Crawled caption data:
════════════════════

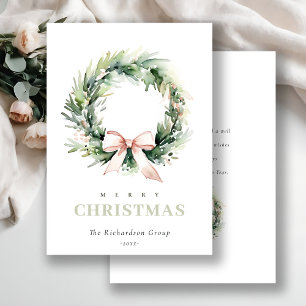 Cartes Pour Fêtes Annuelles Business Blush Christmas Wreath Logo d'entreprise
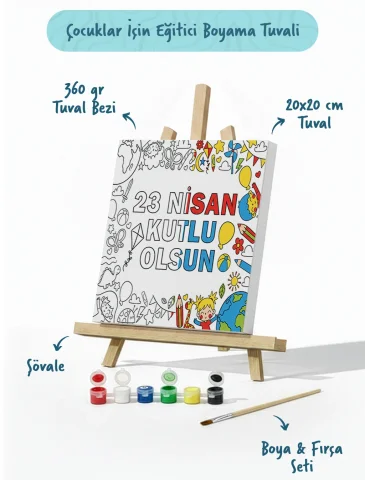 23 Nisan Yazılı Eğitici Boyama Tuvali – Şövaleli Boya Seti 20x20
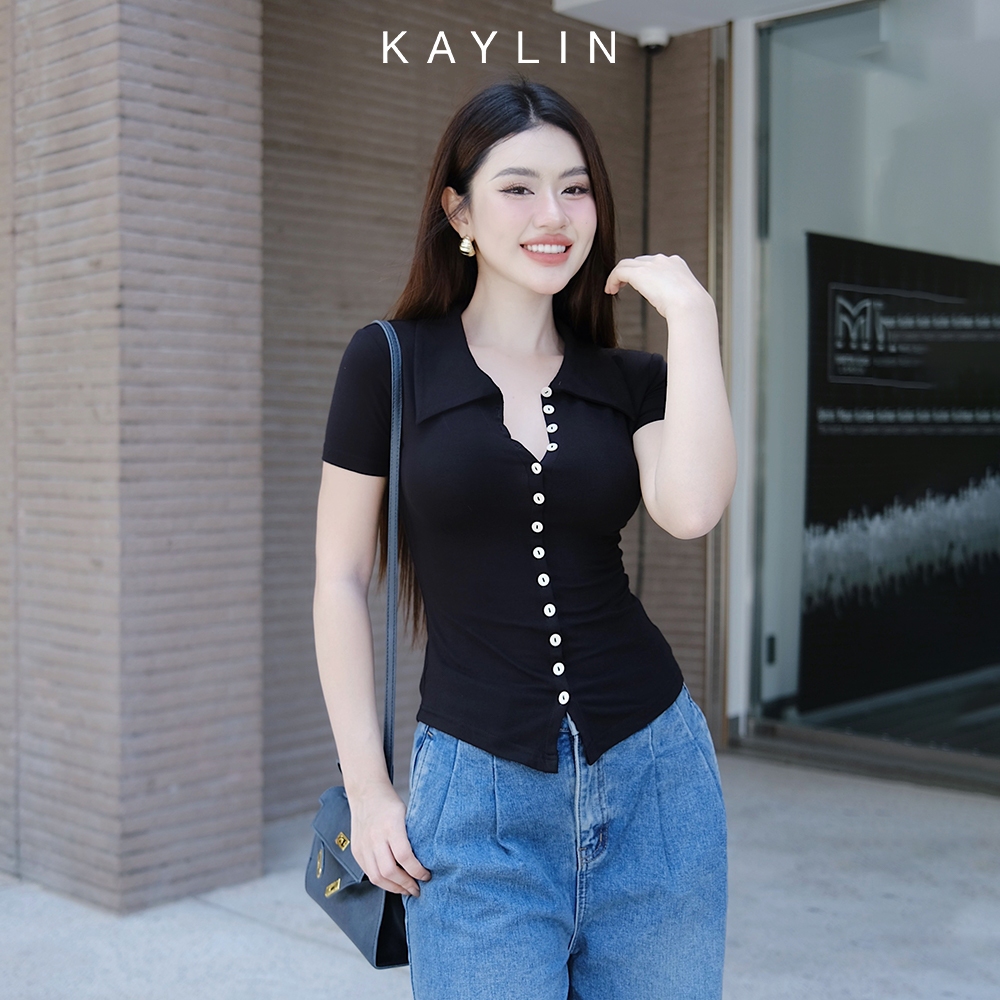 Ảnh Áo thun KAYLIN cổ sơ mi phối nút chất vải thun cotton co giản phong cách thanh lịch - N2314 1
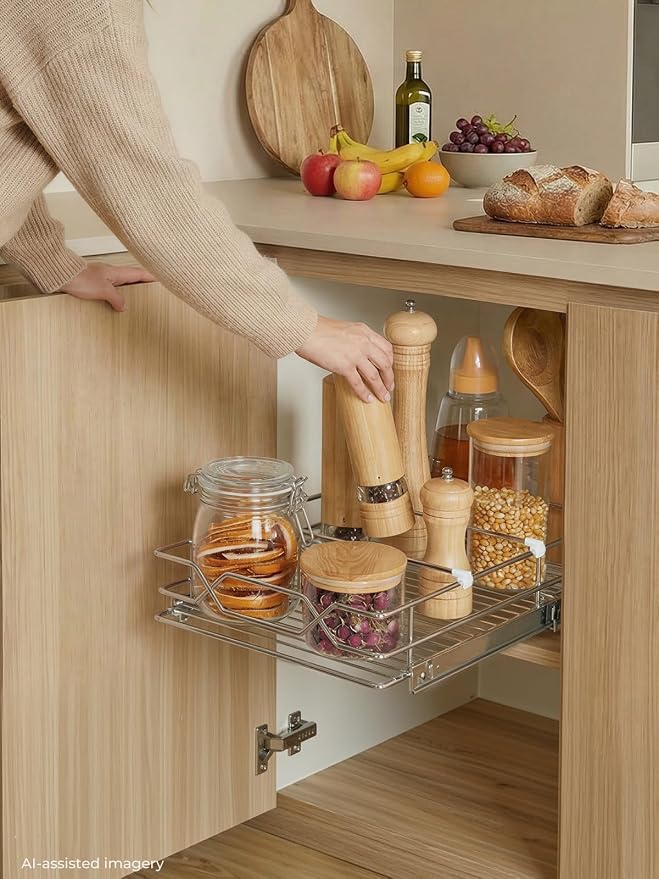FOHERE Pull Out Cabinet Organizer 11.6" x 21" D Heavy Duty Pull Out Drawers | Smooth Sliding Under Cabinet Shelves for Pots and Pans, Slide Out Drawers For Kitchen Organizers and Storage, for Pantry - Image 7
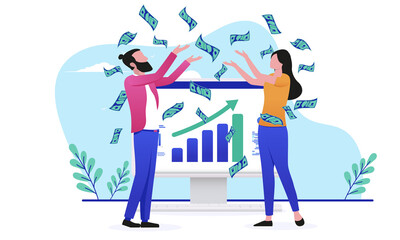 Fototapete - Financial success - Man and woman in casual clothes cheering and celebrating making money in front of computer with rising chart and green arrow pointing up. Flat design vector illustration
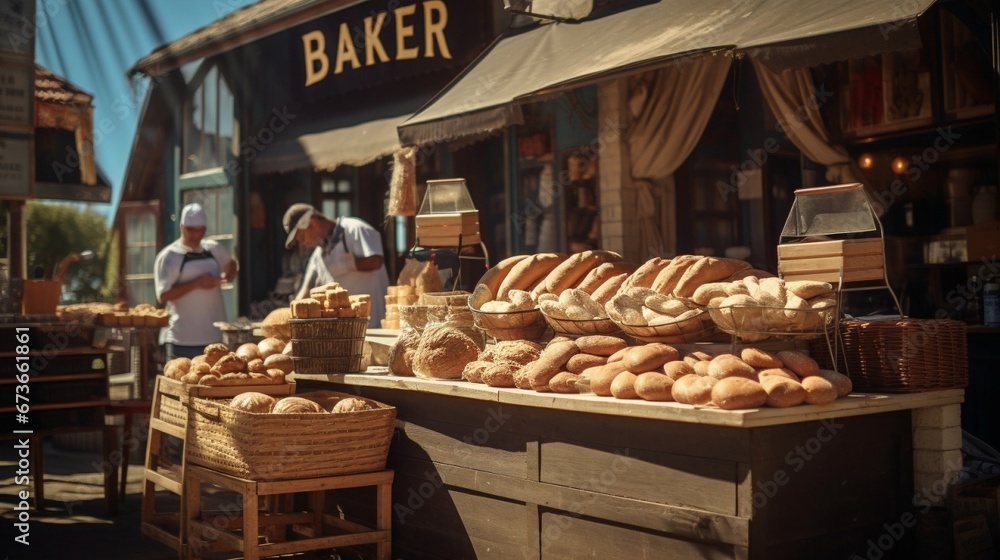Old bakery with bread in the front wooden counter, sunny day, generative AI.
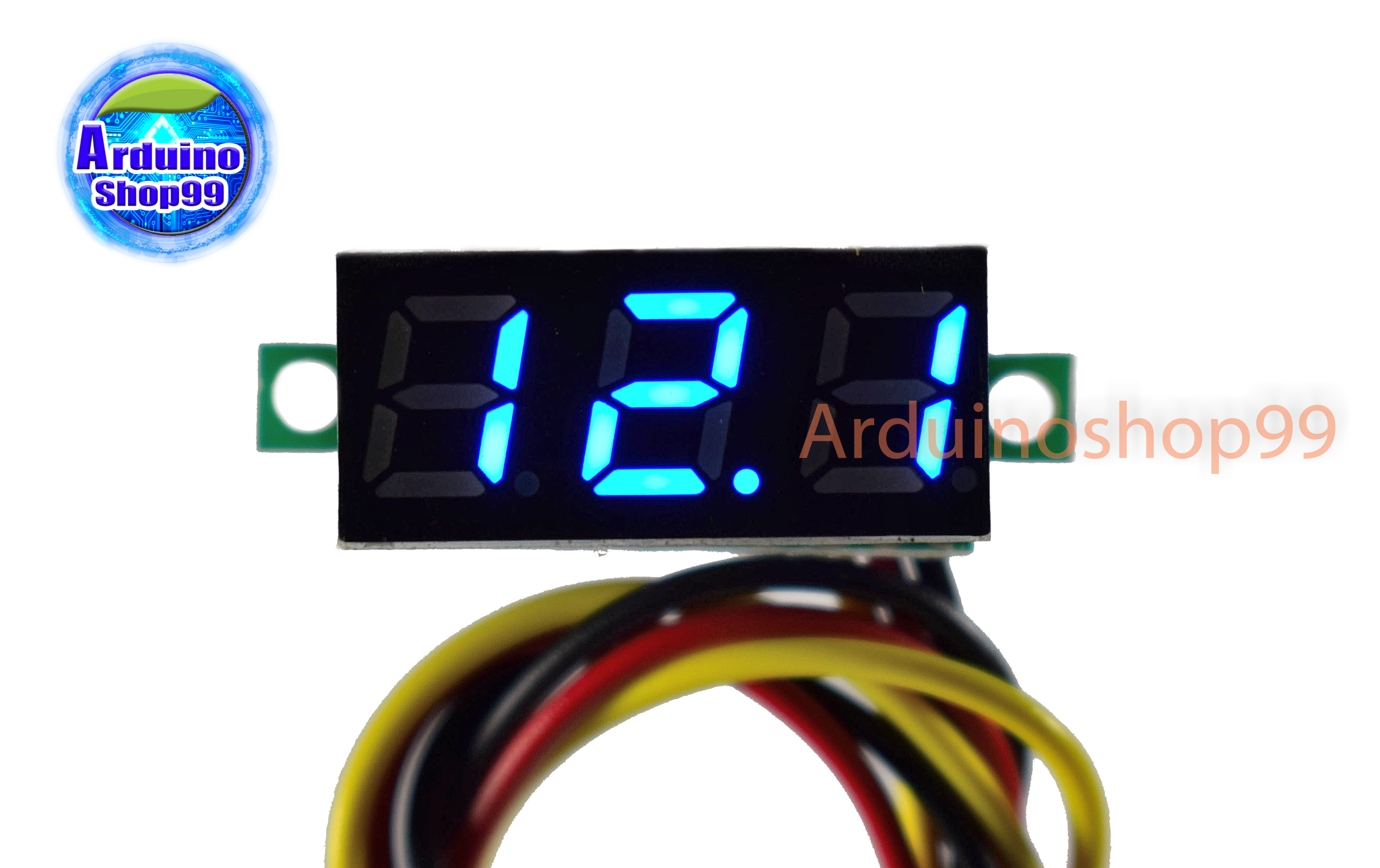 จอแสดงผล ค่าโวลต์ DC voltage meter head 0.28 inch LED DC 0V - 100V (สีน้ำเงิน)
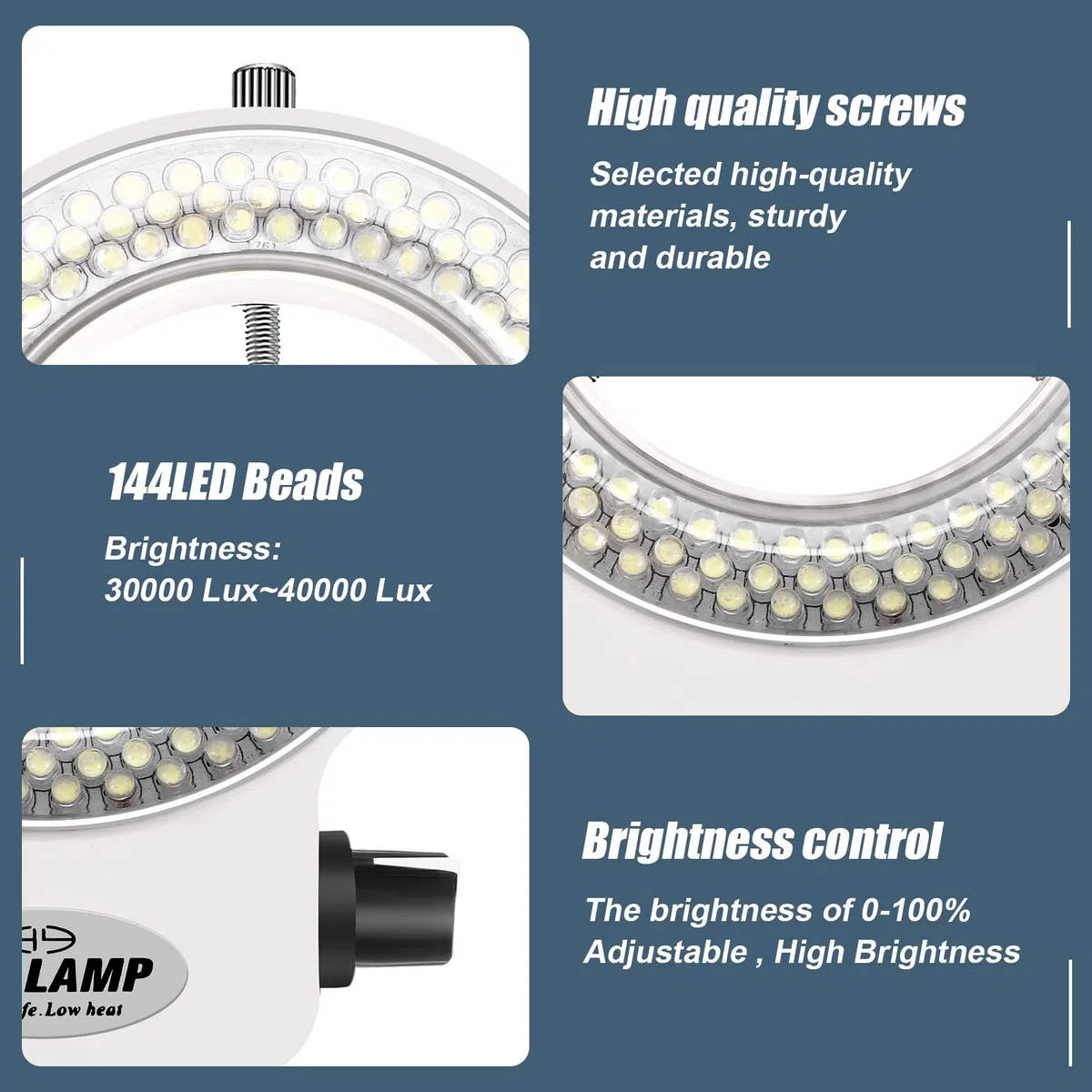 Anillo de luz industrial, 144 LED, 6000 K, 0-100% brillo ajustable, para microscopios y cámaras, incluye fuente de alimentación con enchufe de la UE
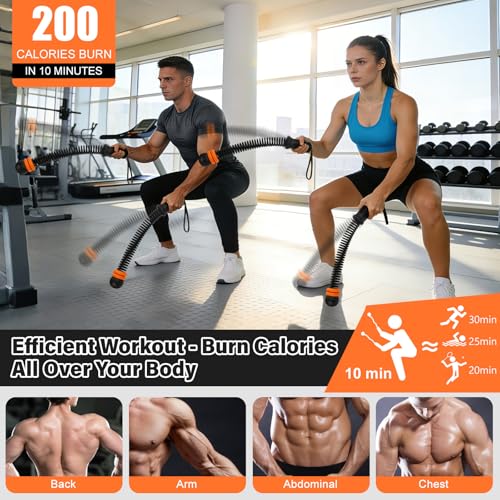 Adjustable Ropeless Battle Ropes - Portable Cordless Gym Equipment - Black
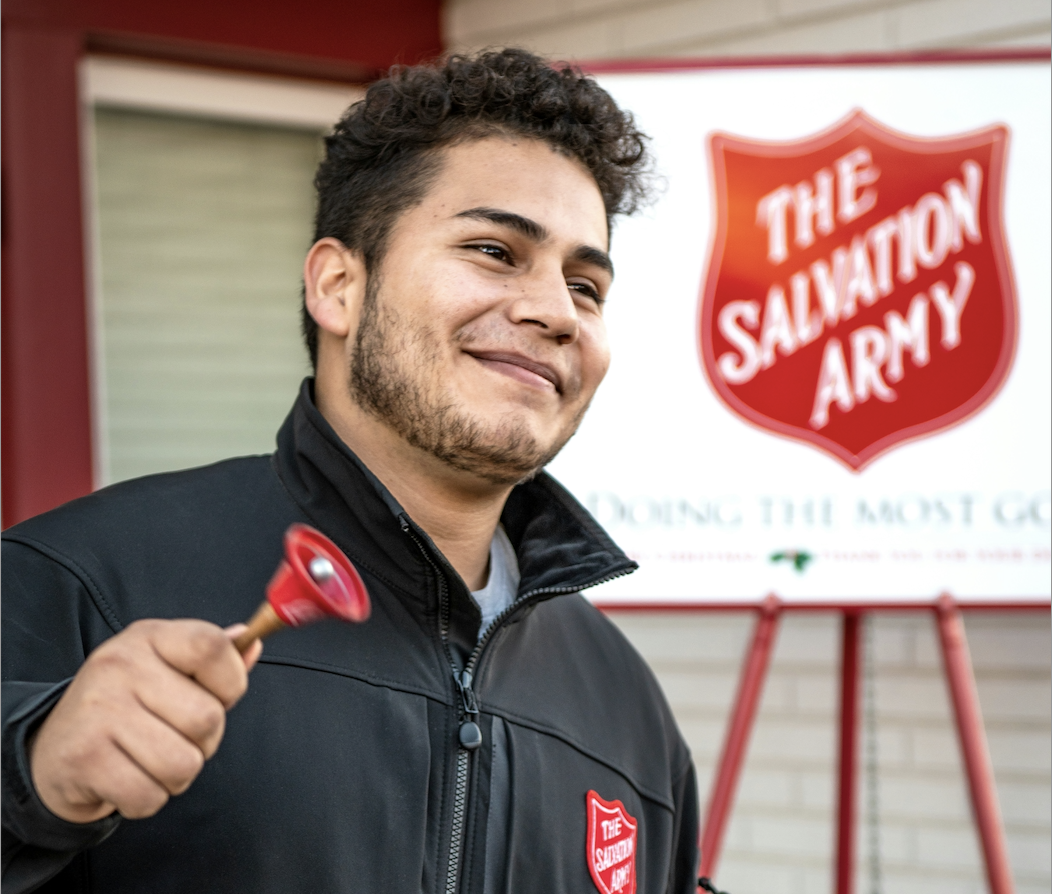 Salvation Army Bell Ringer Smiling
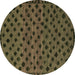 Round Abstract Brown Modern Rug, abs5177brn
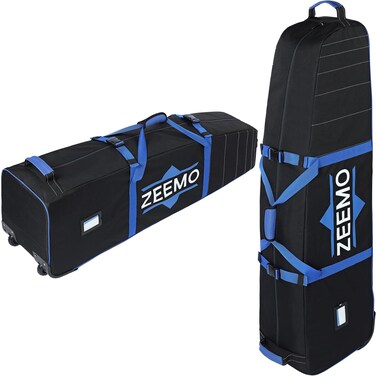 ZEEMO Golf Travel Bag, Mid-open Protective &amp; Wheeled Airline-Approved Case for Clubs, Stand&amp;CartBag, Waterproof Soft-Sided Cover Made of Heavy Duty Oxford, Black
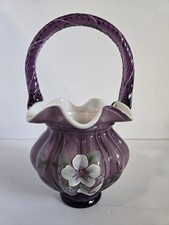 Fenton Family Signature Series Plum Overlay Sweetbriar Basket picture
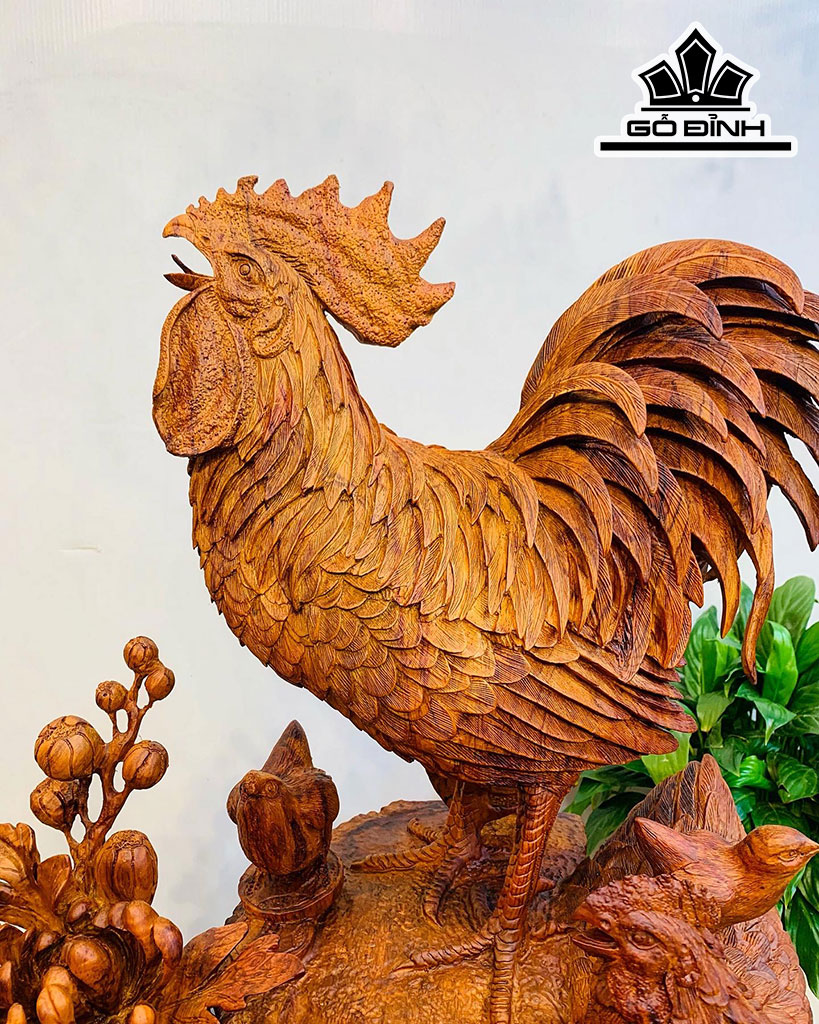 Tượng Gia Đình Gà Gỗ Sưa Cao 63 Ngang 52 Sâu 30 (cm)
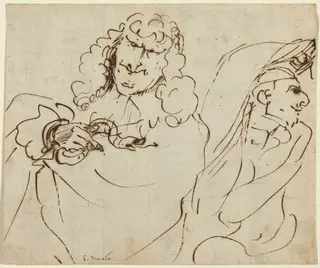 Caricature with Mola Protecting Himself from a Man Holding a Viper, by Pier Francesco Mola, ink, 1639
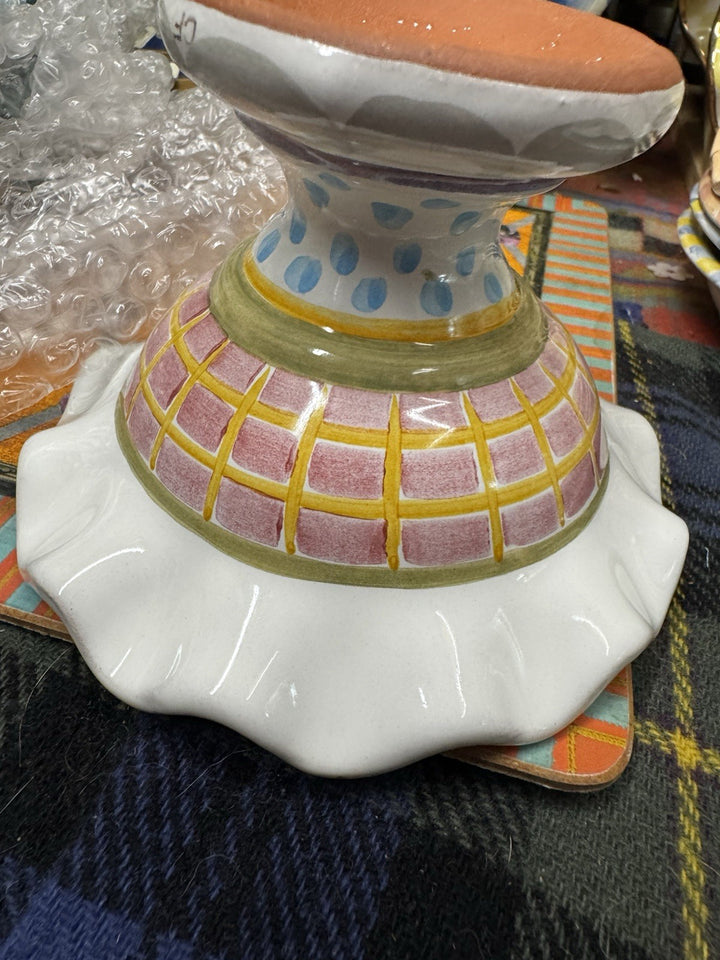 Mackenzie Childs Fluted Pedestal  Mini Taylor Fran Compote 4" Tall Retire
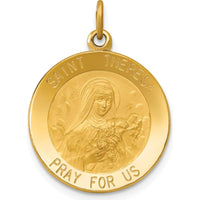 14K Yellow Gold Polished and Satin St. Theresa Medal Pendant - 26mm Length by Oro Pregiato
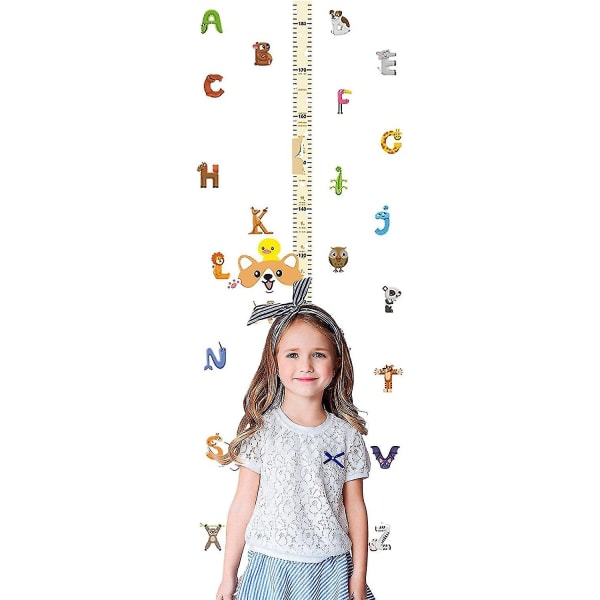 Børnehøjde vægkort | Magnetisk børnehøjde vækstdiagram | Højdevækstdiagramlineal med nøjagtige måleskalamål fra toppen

════════════════════

§ Your objective
Only the lines from the one with "Round Abstract Brown Modern Rug, abs5177brn" through the last line above belong in the answer. Reproduce them exactly, without the pictures.

§ Exercise answer
 Round Abstract Brown Modern Rug, abs5177brn
 ZEEMO Golf Travel Bag, Mid-open Protective &amp; Wheeled Airline-Approved Case for Clubs, Stand&amp;CartBag, Waterproof Soft-Sided Cover Made of Heavy Duty Oxford, Black
 Fenton Family Signature Series Plum Overlay Sweetbriar Basket picture
 Tượng Gia Đình Gà Gỗ Sưa Cao 63 Ngang 52 Sâu 30 (cm)
 Caricature with Mola Protecting Himself from a Man Holding a Viper, by Pier Francesco Mola, ink, 1639
 Mackenzie Childs Fluted Pedestal  Mini Taylor Fran Compote 4" Tall Retire
 14K Yellow Gold Polished and Satin St. Theresa Medal Pendant - 26mm Length by Oro Pregiato
 Børnehøjde vægkort | Magnetisk børnehøjde vækstdiagram | Højdevækstdiagramlineal med nøjagtige måleskalamål fra toppen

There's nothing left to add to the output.